Still, makes a difference to talking about the cause of wars in Iraq, Afghanistan, Libya and Syria ey? To say nothing of exposing which New Labour MPs voted for them all, plus "austerity" and theft of wealth in favour of London.
Are there no depths to which New Labour will not sink?
@Anonymous at 9:50.
"Ad hominem" my arse.
According to your line of spurious "argument" the overwhelming majority of party members who voted for Jeremy Corbyn are no different to the SWP. Which of course is a load of coprolite. And a lot worse than "ad hominem" because it's a lying smear as a typical piece of "Look over there."
Not unexpected, though. Same old New Labour bullshit that supported the tories.
Tim, I've been following your blog for years, it's normally good stuff, and often excellent. But the last two lines in this post are puerile, patronising and unworthy of you. I mean, I'm presuming that all of your posts give you a 'warm feeling', but it didn't help you call or influence the last election or the referendum (which I'm afraid your rival Guido got right, very unfortunately) - so don't belittle those unprecedented numbers who are joining a political party to, yes, 'march', but also to post, blog, go to meetings, persuade friends and family, etc etc.
The split is being entirely orchestrated by the right of the party - the latest being that they're backdating the voting cut-off point to include not only members but union affiliates too - even though they've spent 15/20 years alienating the very people they now say that Corbyn can't 'reconnect' with.

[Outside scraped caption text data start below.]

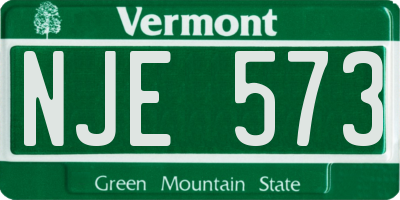 VT license plate NJE573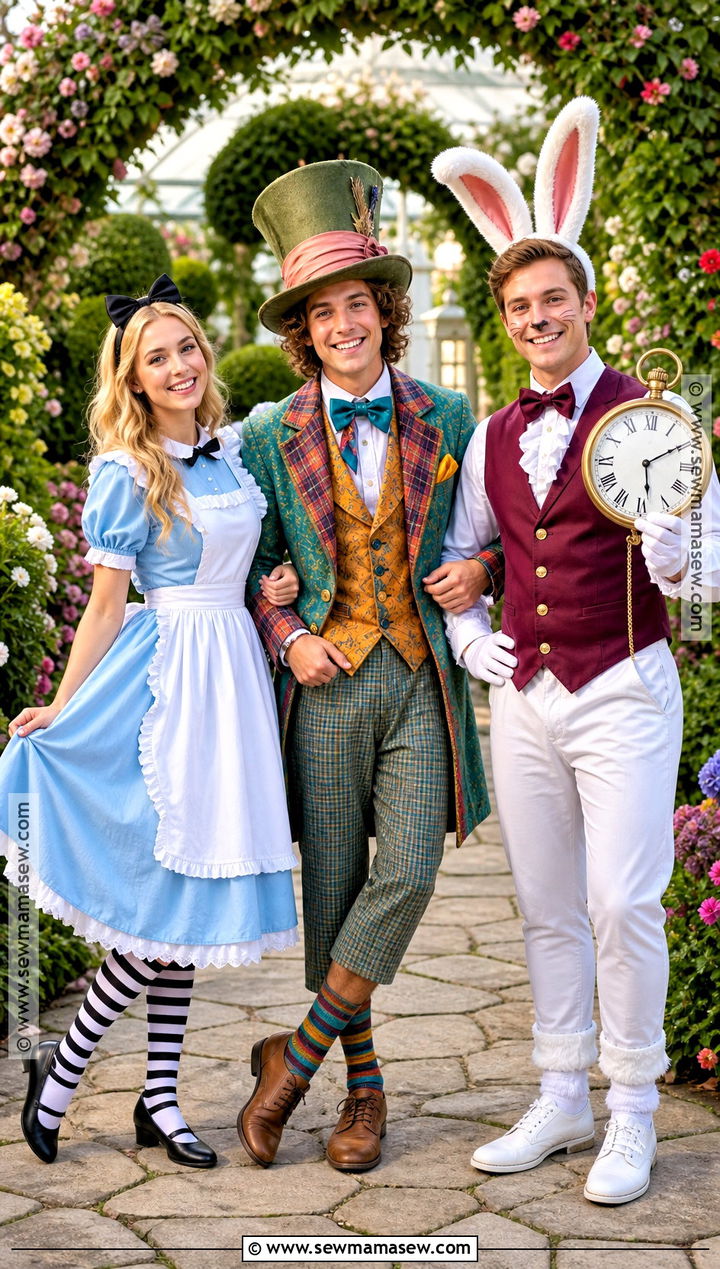 Alice Mad Hatter And White Rabbit Trio Costume - 30 trio dress up ideas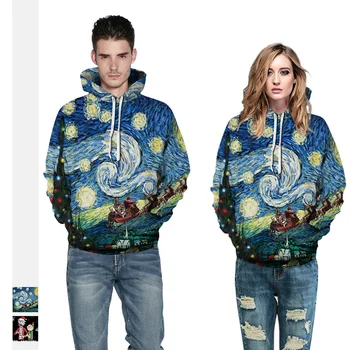 

Christmas 3d Sweatshirts Hoodie Men Hoody Santa Claus Space Print Hooded Couple Tracksuits Women Hoodies Pullover Tops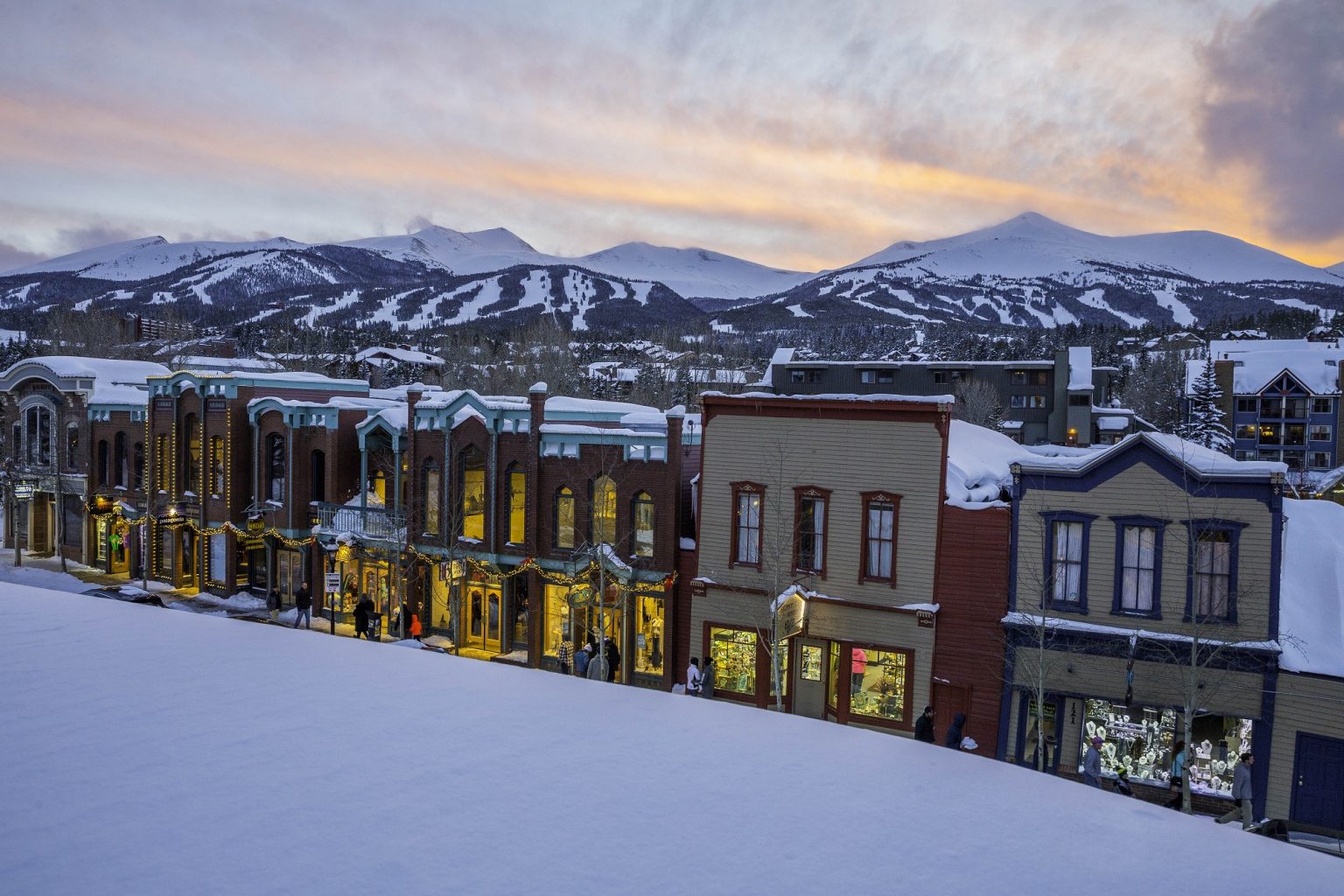 Downtown Breckenridge during the winter in the evening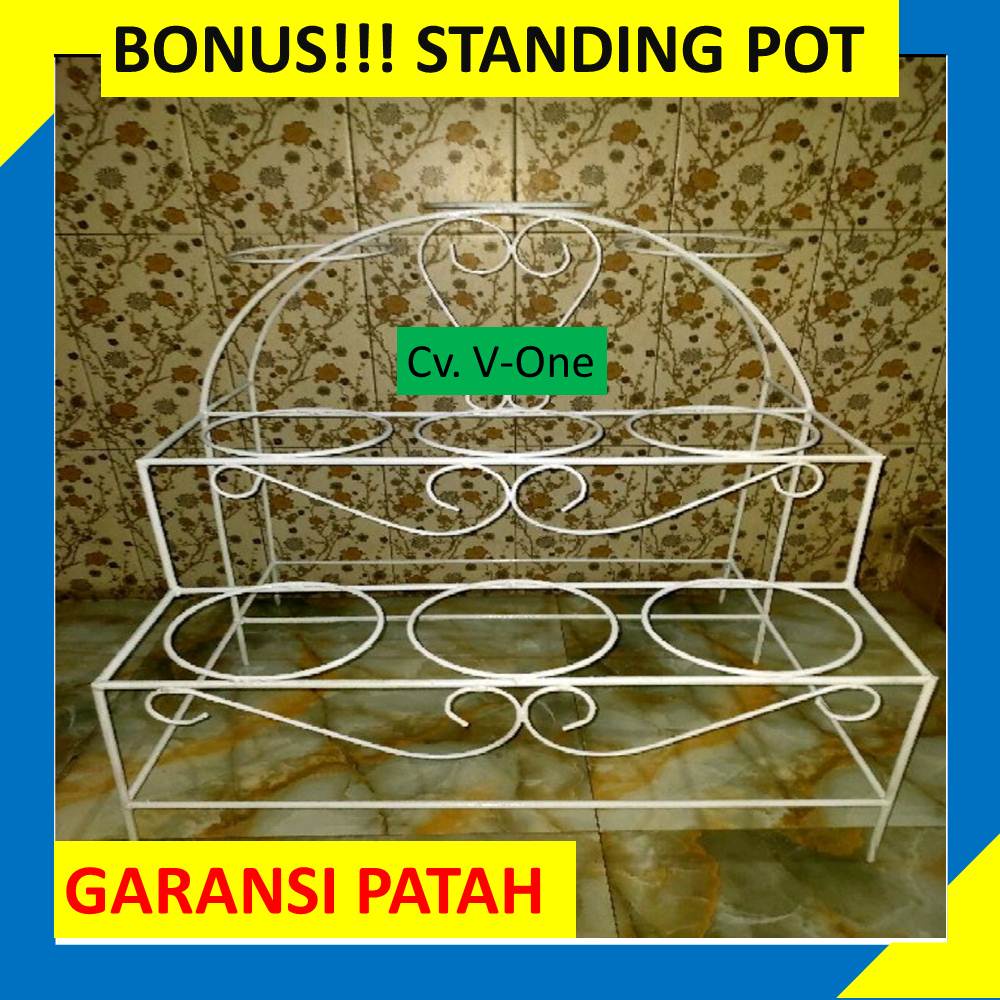 Jual Rak Bunga Susun Besi Minimalis Tanaman Hias Standing Pot Bertingkat Dudukan Ukuran Pot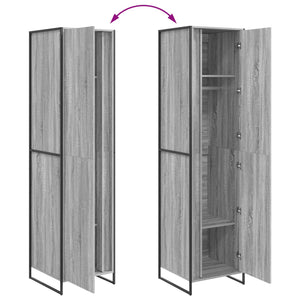 vidaXL Wardrobe 2 pcs Sonoma Grey 50 x 50 x 200 cm Engineered Wood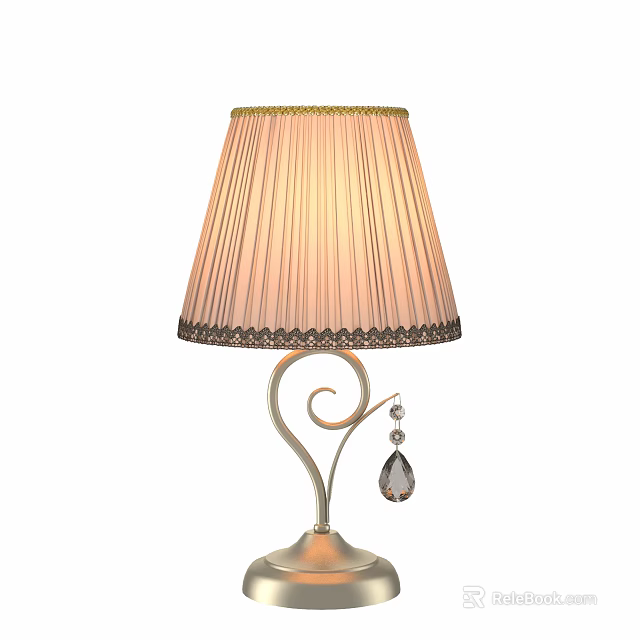 Elegant Table Lamp With Pink Pleated Lampshade Lace Trim And Crystal Pendant 3d model 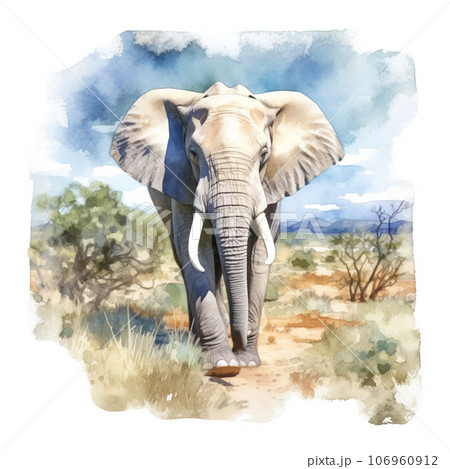 サファリを歩くアフリカゾウの水彩イラスト AI画像のイラスト素材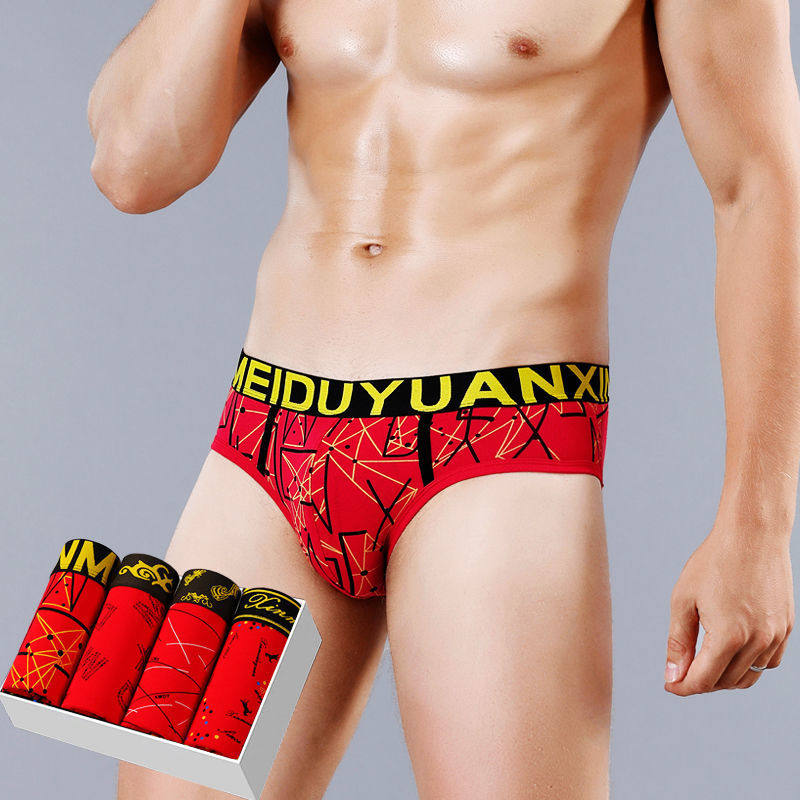 Benming year men's underwear men's briefs cotton sexy big red men's safety pants mid-waist shorts head summer thin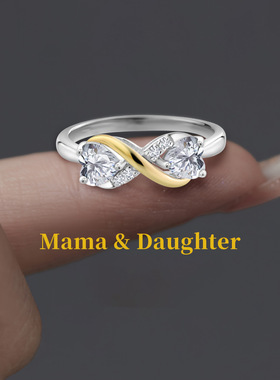 双色爱心锆石仿莫桑钻戒指女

Do wonder how many constituencies like mine there are, where Labour no longer appears to have an on-going presence. (And it once was very strong indeed).
No one working as a press officer to fed stuff to the local press. Last time's prospective parliamentary candidate nowhere to be seen since then. You get the picture.
I suppose something will stir when an election is called and the next prospective gets parachuted in for a few weeks quick pavement pounding. A mere 35 minute train commute from central London.
Uphill battle though. The right hasn't been at all quiet over the last few years - and god didn't they smirk and go all triumphalist over the Leave result. Sort of "we lied and you lapped it up" smirk.
Perhaps on this issue I've read Tim's intention wrong.
I support Jeremy Corbyn but I haven't seen Tim's comments as anti-Corbyn at all. To me, he seems merely to point out obvious practical difficulties in the situation, albeit properly diluted with colloquialisms. So what?
Whether I like it or not (and I don't) these difficulties seem obvious. Ignoring them won't help. Facing and fighting them is required. Radical change never comes easily. And restoring fairness in this country will take years, not weeks or months. There is and has been too much immorality and corruption in Parliament for genuine democracy to be achieved quickly.
Like Tim, I thought Corbyn would be defeated quickly and the horrible norm maintained. But that didn't happen. This is encouraging and should be a reason for optimism. Whether Corbyn can deliver is another question. He should at least be given the opportunity to help dispose of the horror that is New Labour.
But perhaps I've read the blog wrongly. Only Tim can clarify. Maybe it's time for him to say if he supports Corbyn or not?